CHAPTER II. THE ATLANTIC COAST AND THE PACIFIC DISCOVERED
THE ATLANTIC COAST LINE EXPLORED. - Columbus having shown the way, English, Spanish, and Portuguese explorers followed. Some came in search of China or the Spice Islands; some were in quest of gold and pearls. The result was the exploration of the Atlantic coast line from Labrador to the end of South America.
SOME FAMOUS VOYAGES. - In 1497 John Cabot, sailing from England, reached Newfoundland, which he believed to be part of China.  In 1498 John Cabot and his son Sebastian, while in search of the Spice Islands, sailed along the coast from Newfoundland to what is now South Carolina. 
Photographed from the original accounts of the Bristol customs collectors, now in Westminster Abbey, London.]
Before 1500 Spaniards in search of gold, or pearls, or new lands had explored the coast line from Central America to Cape St. Roque. 
In 1500 Cabral, while on his way from Portugal to India by Da Gama's route (p. 11), sailed so far westward that he sighted the coast of the country now called Brazil. Cabral went on his way; but sent back a ship to the king of Portugal with the news that the new-found land lay east of the Line of Demarcation. The king dispatched (1501) an expedition which explored the coast southward nearly as far as the mouth of the Plata River.
SOME RESULTS OF THESE VOYAGES. - The results of these voyages were many and important. They furnished a better knowledge of the coast; they proved the existence of a great mass of land called the New World, but still supposed to be a part of Asia; they secured Brazil for Portugal, and led to the naming of our continent.
WHY THE NEW WORLD WAS CALLED AMERICA. - In the party sent by the king of Portugal to explore the coast of Brazil, was an Italian named Amerigo Vespucci (ah-ma'ree-go ves-poot'chee), or Americus Vespucius, who had twice before visited the coast of South America. Of these three voyages and of a fourth Vespucius wrote accounts, They were widely read, led to the belief that he had discovered a new or fourth part of the world, and caused a German professor of geography to suggest that this fourth part should be called America. The name was applied first to what is now Brazil, then to all South America, and finally also to North America, when it was found, long afterward, that North America was part of the new continent and not part of Asia.

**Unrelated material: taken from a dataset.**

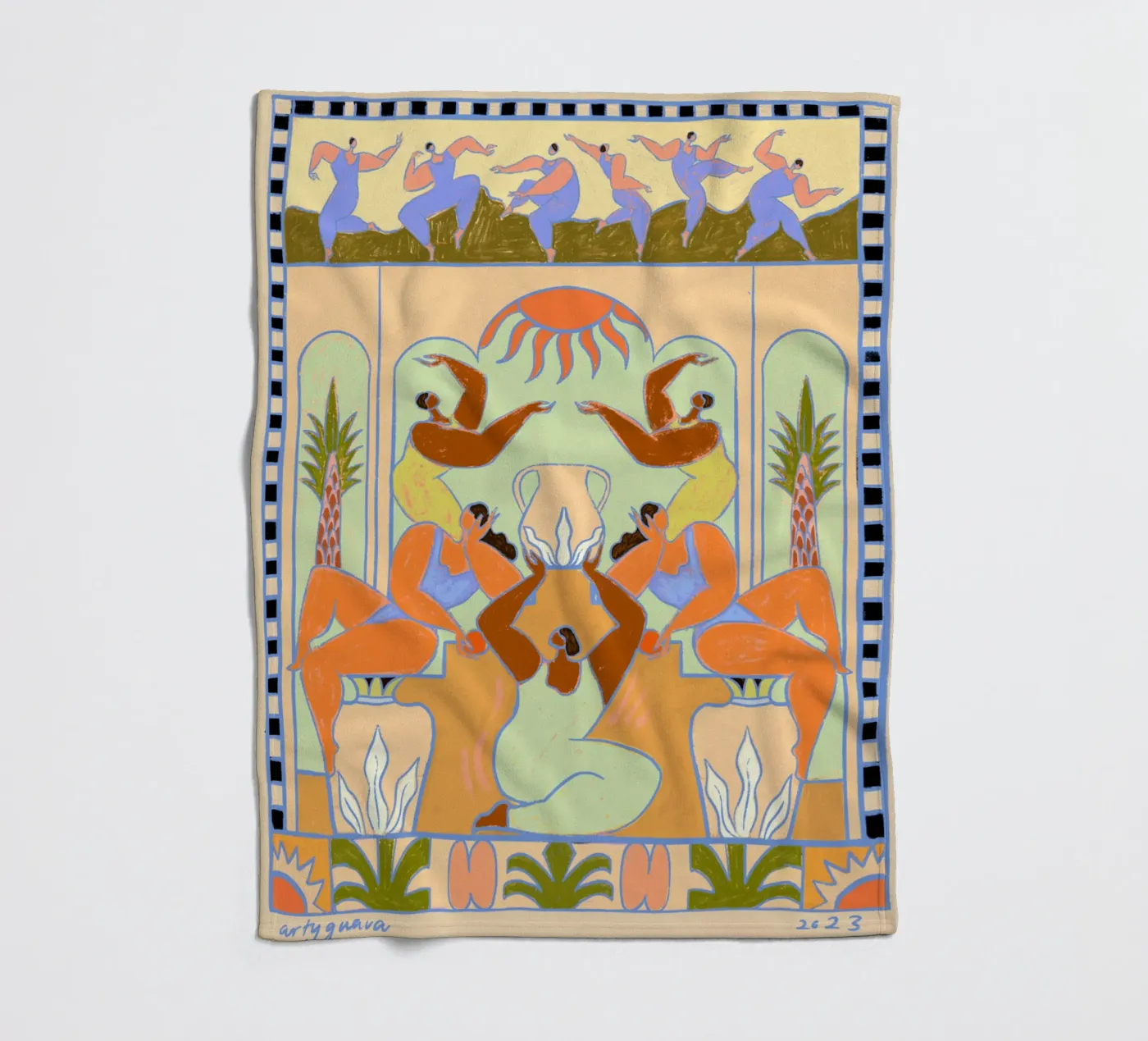 Rainkeeper fleece blanket by Arty Guava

Part of a page from Waldseemüller's book Cosmographie Introductio, printed in 1507, now in the Lenox Library, New York.]
BALBOA DISCOVERS THE PACIFIC. - The man who led the way to the discovery that America was not part of Asia was Balbo'a.  He came to the eastern border of Panama (1510) with a band of Spaniards seeking gold. There they founded the town of Darien and in time made Balboa their commander. He married the daughter of a chief, made friends with the Indians, and heard from them of a great body of water across the mountains. This he determined to see, and in 1513, with Indian guides and a party of Spaniards, made his way through dense and tangled forests and from the summit of a mountain looked down on the Pacific Ocean, which he called the South Sea. Four days later, standing on the shore, he waited till the rising tide came rolling in, and then rushing into the water, sword in hand, he took possession of the ocean in the name of Spain. 

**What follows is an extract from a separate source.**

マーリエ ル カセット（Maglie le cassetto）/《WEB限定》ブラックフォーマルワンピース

THE PACIFIC CROSSED; THE PHILIPPINES DISCOVERED. - The Portuguese meantime, by sailing around Africa, had reached the Spice Islands. So far beyond India were these islands that the Portuguese sailor Ferdinand Magellan took up the old idea of Columbus, and maintained that they could be most easily reached by sailing west. To this proposition the king of Portugal would not listen; so Magellan persuaded the king of Spain to let him try; and in 1519 set sail with five small ships. He crossed the Atlantic to the mouth of the Plata, and went south till storms and cold drove him into winter quarters.  In August, 1520 (early spring in the southern hemisphere), he went on his way and entered the strait which now bears his name. One of the ships had been wrecked. In the strait another stole away and went home. The three remaining vessels passed safely through, and out into an ocean so quiet compared with the stormy Atlantic that Magellan called it the Pacific. Across this the explorers sailed for five months before they came to a group of islands which Magellan called the Ladrones (Spanish for robbers) because the natives were so thievish.  Ten days later they reached another group, afterward named the Philippines. 
On one of these islands Magellan and many of his men were slain.  Two of the ships then went southward to the Spice Islands, where they loaded with spices. One now started for Panama, but was forced to return. The other sailed around Africa, and in 1522 reached Spain in safety. It had sailed around the world. The surviving captain was greatly honored. The king ennobled him, and on his coat of arms was a globe with the motto "You first sailed around me."
RESULTS OF THE VOYAGE. - Of all the voyages ever made by man up to that time, this of Magellan and his men was the greatest. It gave positive proof that the earth is a sphere. It revealed the vast width of the Pacific. It showed that America was probably not a part of Asia, and changed the geographical ideas of the time.